● **Assignment**
The required result is a copy of each line below in which "accents" appears.

● **Records for this task**

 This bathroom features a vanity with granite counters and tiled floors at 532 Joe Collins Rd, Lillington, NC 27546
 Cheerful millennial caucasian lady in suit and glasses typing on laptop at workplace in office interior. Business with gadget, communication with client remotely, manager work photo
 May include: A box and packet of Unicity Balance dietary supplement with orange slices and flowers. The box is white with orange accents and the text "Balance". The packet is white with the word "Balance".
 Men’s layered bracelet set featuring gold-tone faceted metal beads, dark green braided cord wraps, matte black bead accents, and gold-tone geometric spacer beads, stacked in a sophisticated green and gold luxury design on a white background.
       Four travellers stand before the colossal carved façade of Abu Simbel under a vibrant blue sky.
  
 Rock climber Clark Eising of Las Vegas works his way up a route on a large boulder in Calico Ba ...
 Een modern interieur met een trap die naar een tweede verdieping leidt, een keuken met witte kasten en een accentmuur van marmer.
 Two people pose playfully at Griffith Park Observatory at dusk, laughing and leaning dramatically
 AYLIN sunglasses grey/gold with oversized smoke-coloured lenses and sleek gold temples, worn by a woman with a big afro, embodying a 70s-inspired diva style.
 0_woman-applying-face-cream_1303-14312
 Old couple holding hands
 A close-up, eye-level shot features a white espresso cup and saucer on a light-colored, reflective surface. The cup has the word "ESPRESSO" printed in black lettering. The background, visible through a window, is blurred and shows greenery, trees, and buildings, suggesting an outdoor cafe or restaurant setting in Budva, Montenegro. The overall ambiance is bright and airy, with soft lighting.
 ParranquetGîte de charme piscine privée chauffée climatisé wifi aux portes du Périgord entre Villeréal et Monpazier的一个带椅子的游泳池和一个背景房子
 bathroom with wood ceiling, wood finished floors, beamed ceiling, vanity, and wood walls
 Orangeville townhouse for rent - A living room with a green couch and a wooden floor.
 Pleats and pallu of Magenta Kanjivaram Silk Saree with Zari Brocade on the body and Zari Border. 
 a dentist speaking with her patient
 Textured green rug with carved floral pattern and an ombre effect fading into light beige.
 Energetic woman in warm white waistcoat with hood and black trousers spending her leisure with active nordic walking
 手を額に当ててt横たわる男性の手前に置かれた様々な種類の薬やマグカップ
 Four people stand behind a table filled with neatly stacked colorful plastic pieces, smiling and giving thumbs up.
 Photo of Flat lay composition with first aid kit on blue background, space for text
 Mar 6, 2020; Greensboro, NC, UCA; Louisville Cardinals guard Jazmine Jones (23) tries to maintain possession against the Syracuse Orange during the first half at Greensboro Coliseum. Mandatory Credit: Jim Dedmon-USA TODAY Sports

● **Response**
 May include: A box and packet of Unicity Balance dietary supplement with orange slices and flowers. The box is white with orange accents and the text "Balance". The packet is white with the word "Balance".
 Men’s layered bracelet set featuring gold-tone faceted metal beads, dark green braided cord wraps, matte black bead accents, and gold-tone geometric spacer beads, stacked in a sophisticated green and gold luxury design on a white background.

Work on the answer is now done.